L'autre problème qui se pose est celui de la dépendance de la Tunisie des importations d'énergies fossiles dont essentiellement le gaz destiné à couvrir 97% de notre consommation en électricité. La facture énergétique représente aujourd'hui plus de 30% du déficit commercial du pays.

La facture énergétique cumulée à la hausse de ces subventions énergétiques pèsent lourdement sur les finances publiques. C'est pour cela qu'il est nécessaire de repenser le modèle de développement économique qui doit être orienté vers des secteurs non énergivores comme les industries agroalimentaires et les services.

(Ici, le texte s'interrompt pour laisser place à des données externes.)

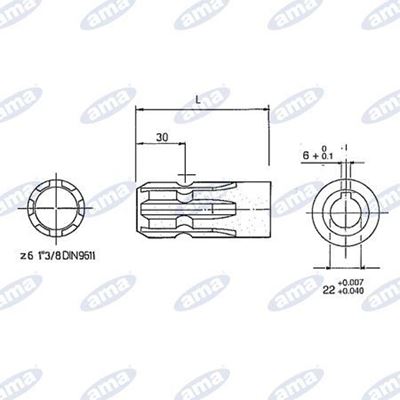 Immagine di Presa di forza 1"3/8 per pompa ad ingranaggi Lunghezza 75 mm - AMA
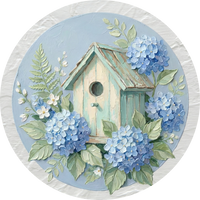 Thumbnail for Hydrangea Birdhouse 10" Wood Wreath Sign - DCO-102928-D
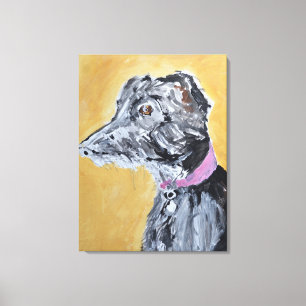 Impressão Em Tela Galgo com Coleira Rosa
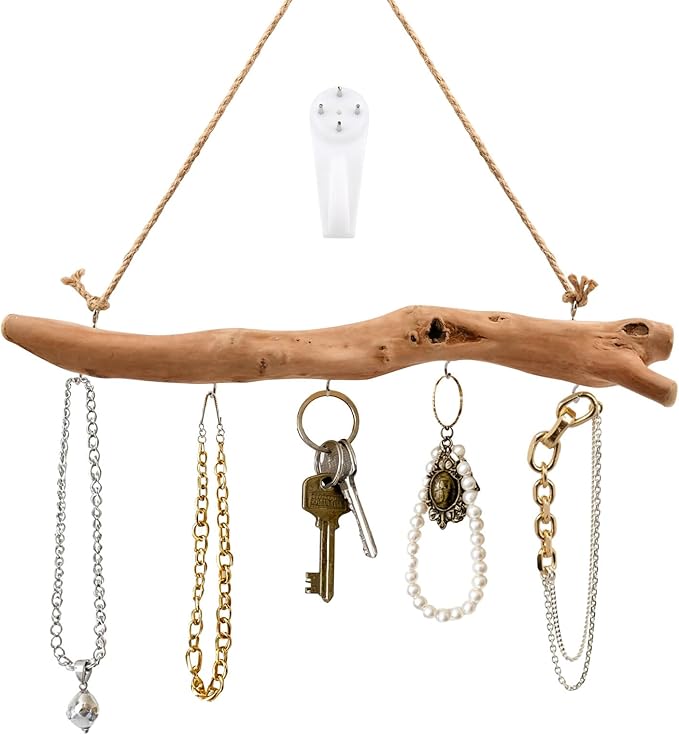 1Pc 15 Inch Natural Driftwood Decorative Branches Farmhouse Home Wall Hanging Decor Hanging Jewelry Organizers with 5 Hooks Decorative Farmhouse Home Wall Decor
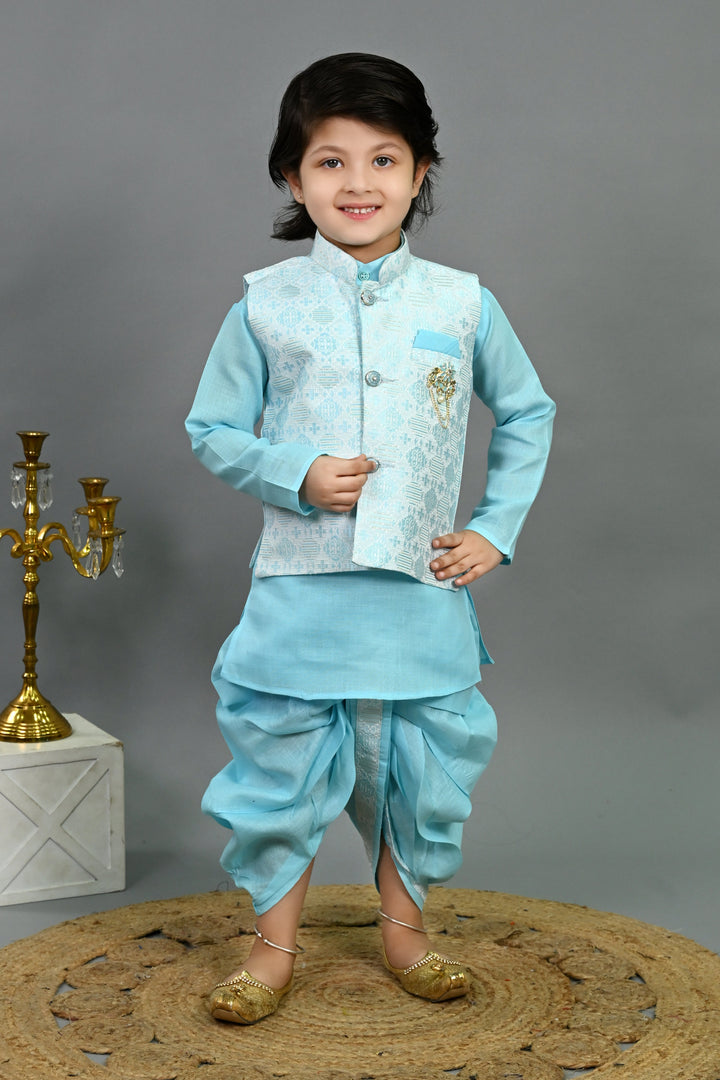 Boys Cotton Silk Brocade Geometric Kurta & Dhoti Set with Waistcoat - Aqua Blue | SHOBITAM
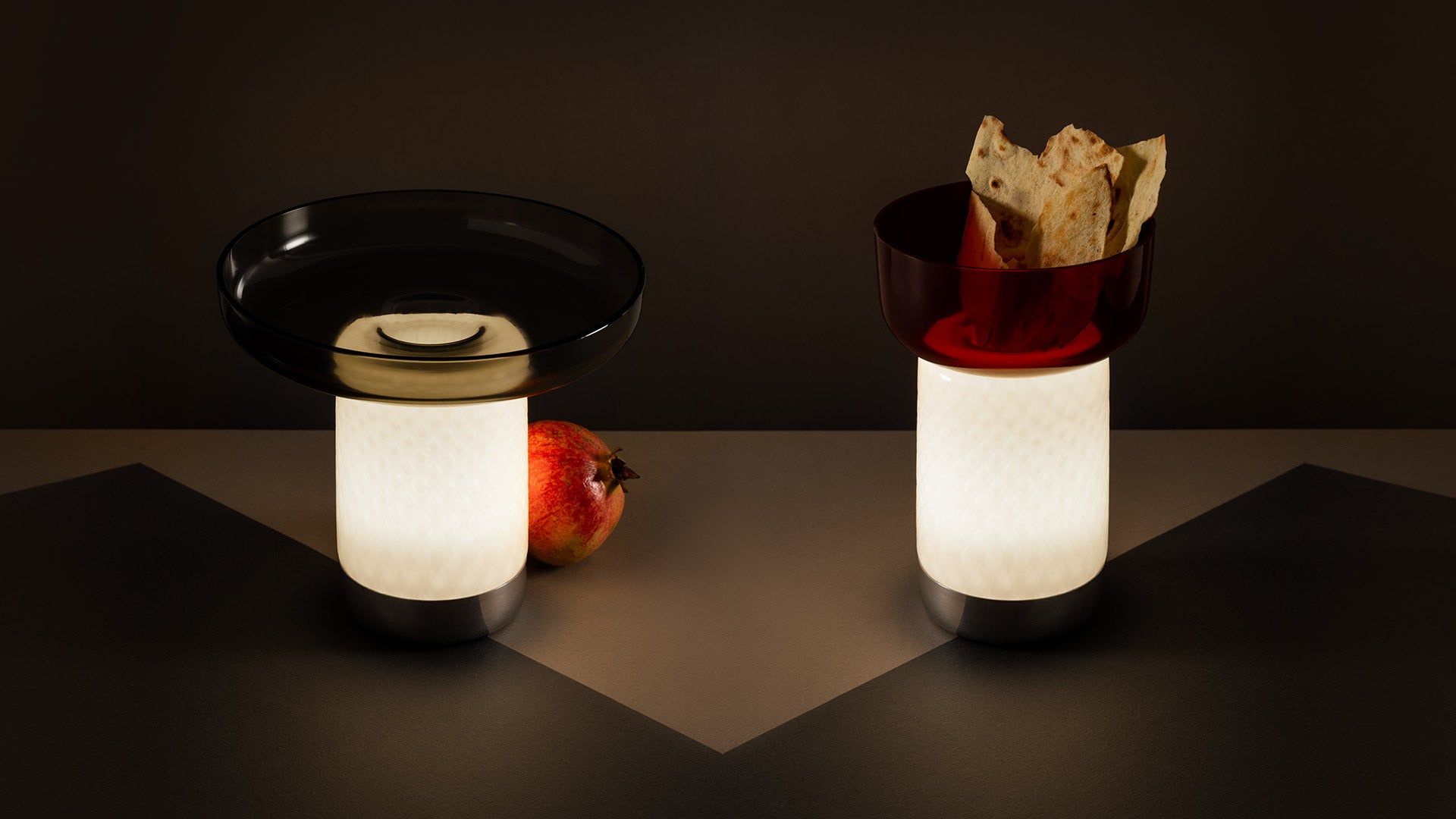 Portable Lamp BONTA PLATE white with red
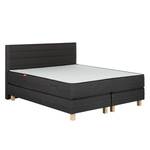 Lit boxspring Smood Tissu - Anthracite - Anthracite - 160 x 200cm - Avec tête de lit - Matelas boxspring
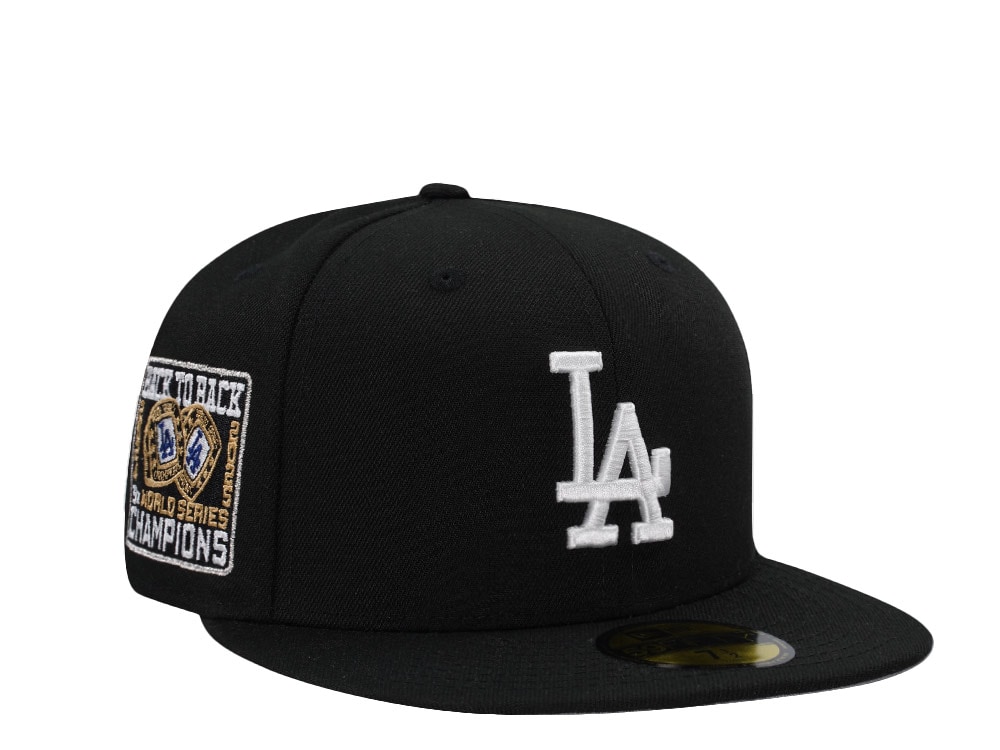 New Era Los Angeles Dodgers Back to Back World Series Champions Black Prime Edition 59Fifty Fitted Casquette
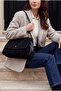 Women's Genuine Leather Hand and Shoulder Bag with Zippered Removable Inner Pocket Ornis Black Suede - 3
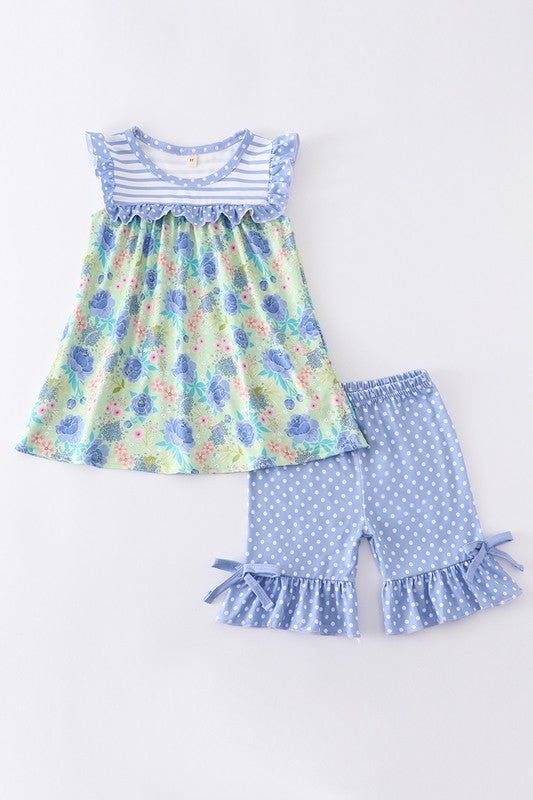 (Custom Design Preorder MOQ 5)  Flowers Print Girls Summer Clothes Set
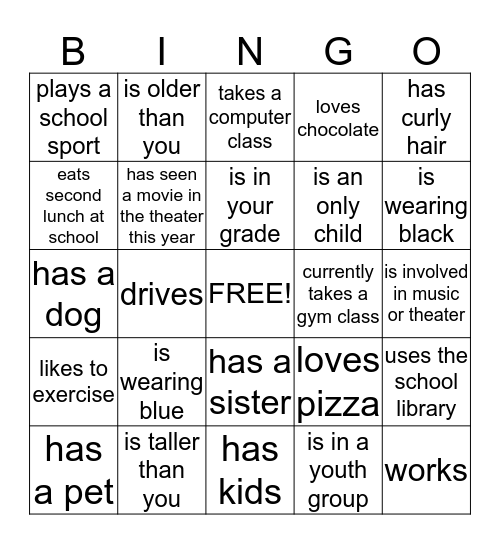 Someone Who... Bingo Card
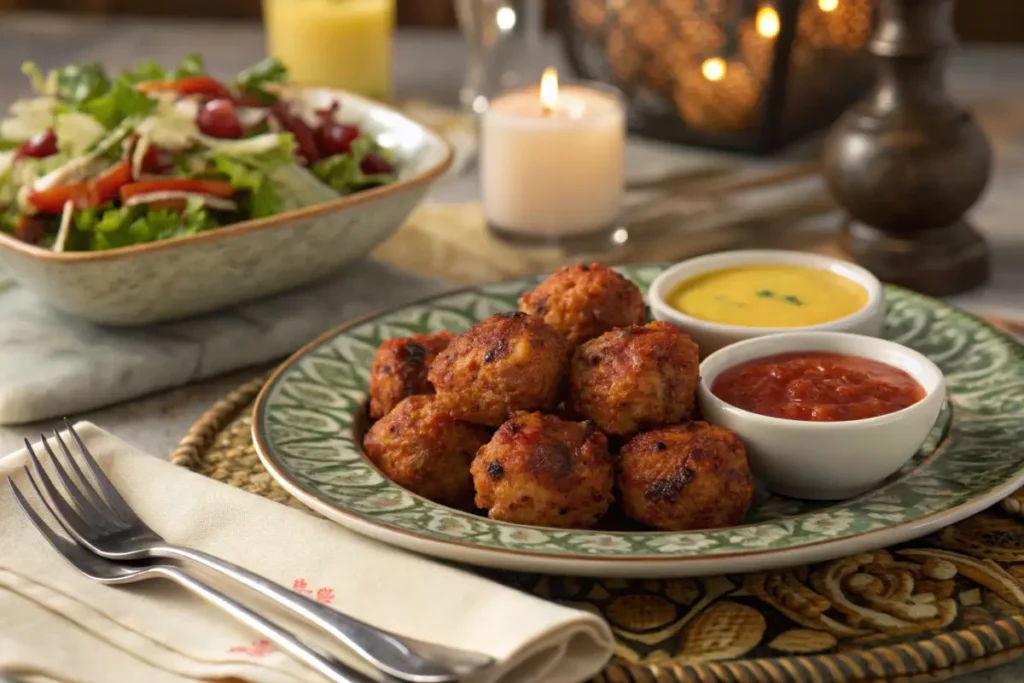 Red Lobster sausage balls served with dips and a fresh salad.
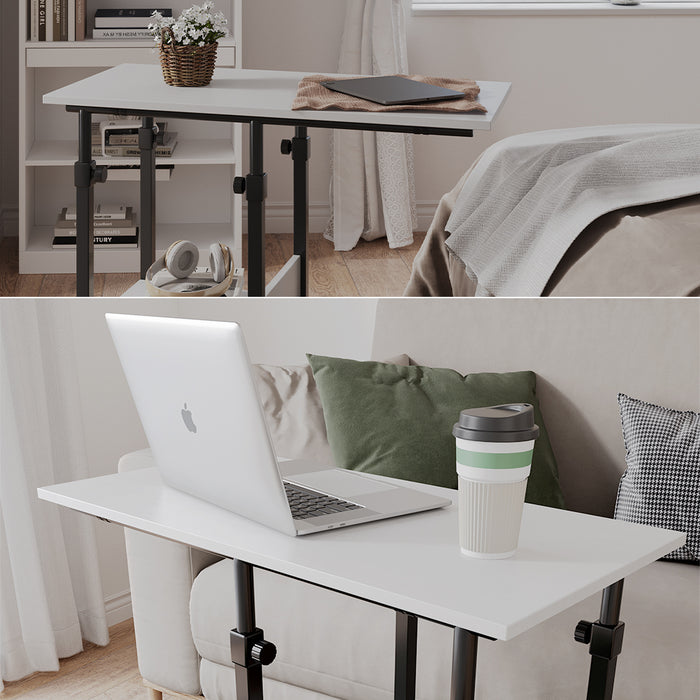 Vicco Tavolo da salotto Bianco 89 x 40 cm con rotelle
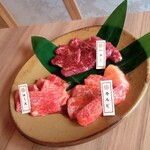 焼肉 しゃぶしゃぶ 石田屋。 - 肉3種。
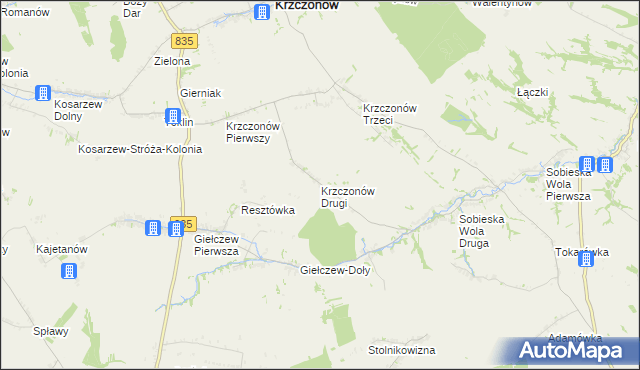 mapa Krzczonów Drugi, Krzczonów Drugi na mapie Targeo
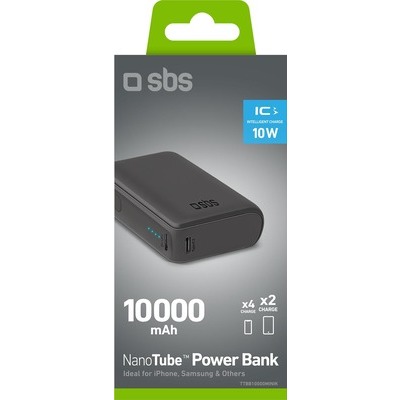 Powerbank SBS 10.000mAh, 2x Type-C + USB , 10W, colore nero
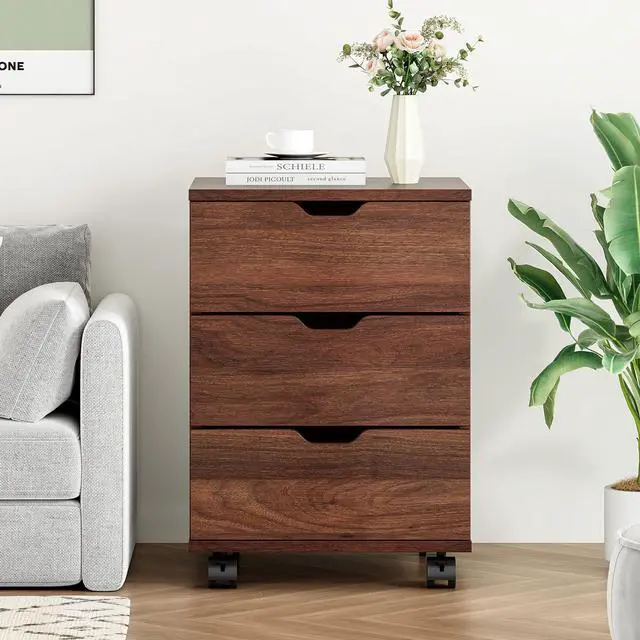 Alt view image 6 of 6 - 3-Drawer Under Desk Wooden File Storage Cabinet with Lockable Caster for Home Office,Brown,Required Assembly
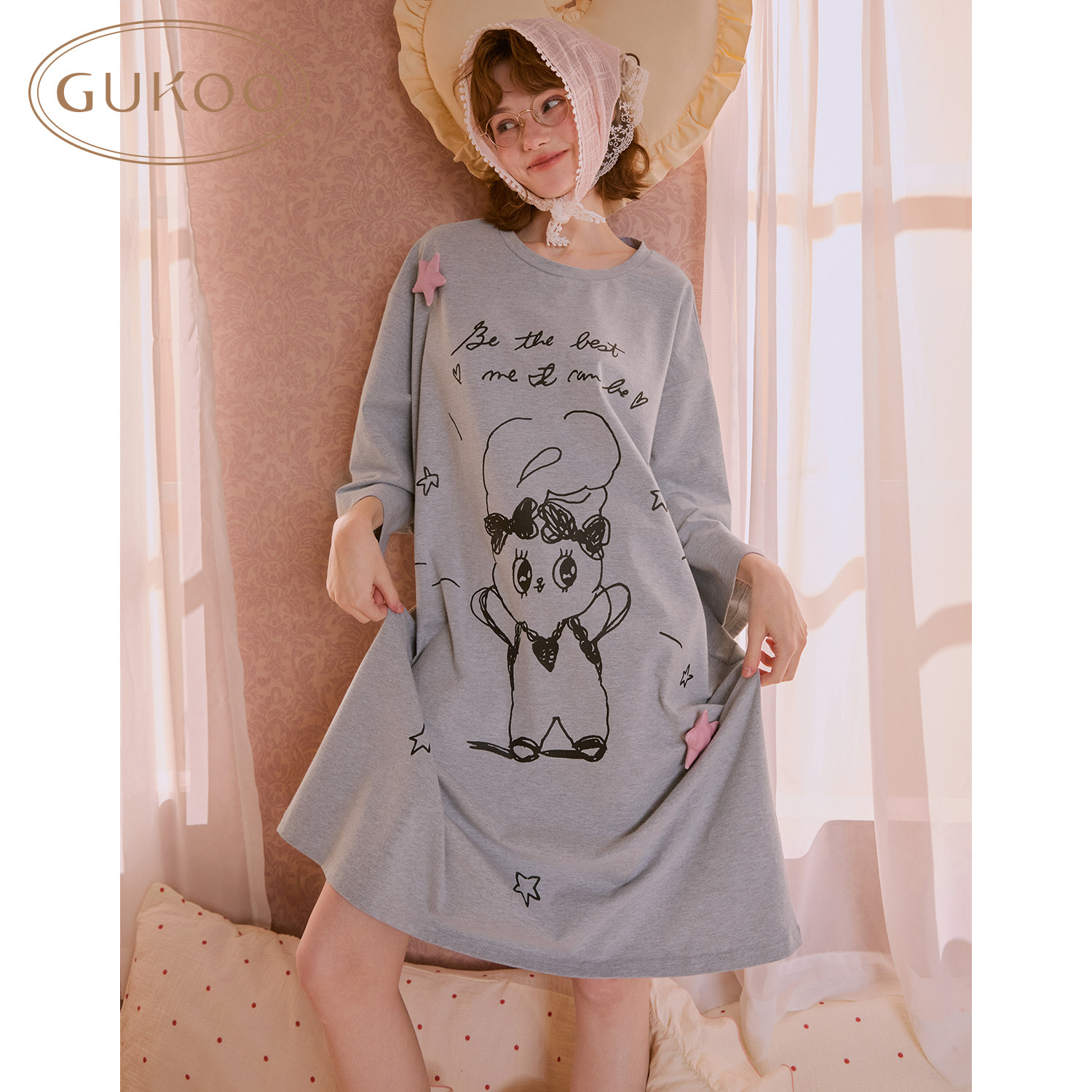 Gukoo/果壳长袖睡衣春夏艾丝乐小兔联名新款纯棉女士家居服睡裙A - 实物图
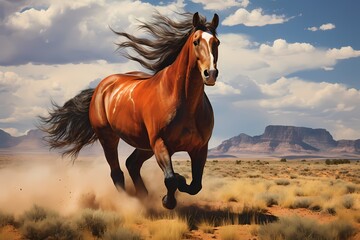 A majestic wild mustang galloping freely across the open plains of West Texas, embodying the spirit of untamed freedom. - obrazy, fototapety, plakaty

Pour ce qui est du cadre réglementaire, je plaide en faveur de la création d'un organe indépendant régulateur dont la mission sera d'encadrer le secteur. Il est nécessaire aussi de rendre opérationnel le fonds de transition énergétique (FTE).

Dans quelle mesure ce fonds pourrait-il contribuer à l'accélération de la transition énergétique ?

Le FTE, qui vient remplacer l'ancien Fonds National de Maîtrise de l'Energie, financera des projets dans le domaine des énergies renouvelables. Il faut l'opérationnaliser en augmentant ses ressources financières et en le plaçant sous la tutelle de l'ANME .

Ce fonds doit être indépendant de l'Etat et bénéficier d'une autonomie financière. Pour alimenter cette caisse, il est possible de réaménager l'actuelle taxe carbone et de l'orienter vers le contenu carbone. Chaque forme d'énergie qui présente une intensité carbone importante aura la taxe la plus élevée. Néanmoins, cette taxe ne doit pas être imposée sur les produits énergétiques destinés aux couches sociales défavorisées comme le gaz de pétrole liquide (GPL).

Pensez-vous que le manque d'appui financier international est un obstacle à la réalisation des objectifs de la contribution déterminée nationale ?

Le financement n'a jamais été un obstacle à la réalisation de ces objectifs. La mise en œuvre de l'accord de Paris est conditionnée par l'instauration d'un climat socio-économique sain qui soit propice aux investissements et par la promotion du secteur privé. L'Etat doit comprendre qu'il n'est plus en mesure de contracter des prêts pour financer des projets.